Insécurité grandissante au Mali depuis le coup d’Etat de 2012
Avec 75% de musulmans, selon le conseil islamique, le Mali, officiellement pays laïc, mais fortement attaché à ses us et coutumes, a dû briser en fin d’année 2018 le tabou de l’éducation à la sexualité, afin de traiter le sujet publiquement, jusqu’au niveau étatique, puisqu’il était prévu que « cette nouvelle forme d’éducation à l’occidentale », ainsi qualifiée par l’imam de la mosquée centrale de Djicoroni, portée par le gouvernement soit concrétisée en manuel scolaire et intégrée au système d’enseignement national.
« Même s’il a vigoureusement été refoulé par les inflexibles de l’islam radical, dont le président du Haut conseil islamique malien, Mahmoud Dicko, le sujet fait partir désormais des sensibilités maliennes auxquelles le pays devra faire face dans les mois années à venir », a posté un député malien sur son compte Twitter, puisqu’en reculant fin décembre 2018, face à la vague de protestations, le chef du gouvernement, Soumeylou Boubèye Maiga a souhaité « la mise en place d’un comité de sages capable d’amender la faisabilité du projet ou son abandon définitif ».
Dans le manuel controversé qui a « divisé à coup sûr le haut conseil islamique malien », selon la presse locale, il est demandé aux élèves de respecter, entre autres, la sexualité de leur prochain, en allusion aux homosexuels tout en permettant aux adolescentes, dont « une sur trois âgée de 15 à 19 ans est déjà mère », de maîtriser sa sexualité.

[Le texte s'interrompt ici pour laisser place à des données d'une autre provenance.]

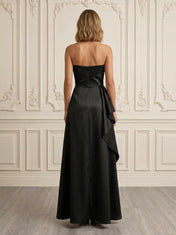 Black Sweetheart Strapless Ruffled Satin Sleeveless Evening Dress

Au Mali, les cas de violences sexuelles sur les jeunes filles sont devenus récurrents. Rien qu’en 2018, le Comité international de la Croix-rouge (CICR) a enregistré 63 cas. Un « phénomène tout à fait nouveau, inadmissible et surtout inacceptable », qu’a revelé l’expert indépendant des Nations unies pour les droit de l’Homme, Alioune Tine qui s’était inquiété « des viols des jeunes filles et des enfants », après une visite au Mali en octobre 2018.
Dans sa mosquée à Badalaboudou (quartier populaire de Bamako), les prêches de l’imam Mahmoud Dicko prennent désormais des allures de meetings depuis qu’il a fait bloquer le projet du manuel scolaire sur l’éducation sexuelle.
« Je ne pense pas que notre pays soit prêt à accepter cette nouvelle forme d’éducation qui n’est surtout pas conforme à nos pratiques », avait soutenu l’imam de 64 ans, au cours de l’un de ses prêches, ajoutant : « Tant que je suis là, je serai toujours la barrière à la mise en vigueur de ce manuel ».
« Avec cette vague d’interconnexion aujourd’hui entre jeunes africains, européens,… via internet et des réseaux sociaux, le Mali devra tôt ou tard abandonner la politique de l’autruche face à certains tabous traditionnels, dont la sexualité et examiner sérieusement l’adaptation de ses nouvelles données à nos cultures au risque de se retrouver plusieurs années plus tard devant les faits accomplis », a soutenu le sociologue Abdoulaye Diakité.
Selon les données démographiques, la population malienne est estimée à 18,5 millions d’habitants dont 51% de femmes et 49% d’hommes et un taux de scolarisation largement en dessous de 50%, avec 30,7% de filles ayant accès à l’école, contre 28,4 % de garçons.